Looking at 3 main points of interaction with the scheduler plugins.

  1. After having collected the inputs and populated all of the other variables, provide a desired partition, state, minimum number of nodes, max number of nodes, min number of processors per node, maximum number of processors per node, and whether the job needs to run immediately or if it can wait. An exception will be thrown if not enough nodes are available. The maximum number of nodes requested can be 'all'. The checks are performed by collecting the data provided by scontrol show node for all nodes and iterating through that information. If all of the checks are passed, a tuple of number of nodes and the number of processors per node that should be used in the batch script.
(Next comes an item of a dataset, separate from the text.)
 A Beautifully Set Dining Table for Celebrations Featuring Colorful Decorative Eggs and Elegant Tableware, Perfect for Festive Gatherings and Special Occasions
  2. When the main program has decided what it wants to request as resources, the partition, reservation, qos, account, number of nodes, processors per node, and time limit should be passed to this function and it will return a list of strings that should follow immediately after the she-bang to specify the resources. The main program can then use that to compose the submission script.

  3. Finally, when the main program has written the script and is ready to submit it, the class can return the submission invocation call (e.g. - sbatch for slurm). The call is returned as a single string to put in the subprocess call.

These are the main parts that the scheduler is differentiated by and therefore responsible for. If further functions are required for querying the queue and status of the job, these should be fleshed out.

nicholas-sly commented 5 years ago

Another commit has changed this slightly.

*3. The scheduler class and subclasses now have a 'submit_job' function that takes a path to the submission script and submits the job to the scheduler. It also returns the job ID.

  1. The scheduler class and subclasses now have a 'check_job' function that takes a job ID and an optional key. Without the key, the function will return a generic state of the job by interpreting the states returned by the scheduler. The generic states are 'pending', 'running', 'finished', and 'failed'. The rest of the characteristics are accessible generally by providing a key. These are as-yet, uninterpreted.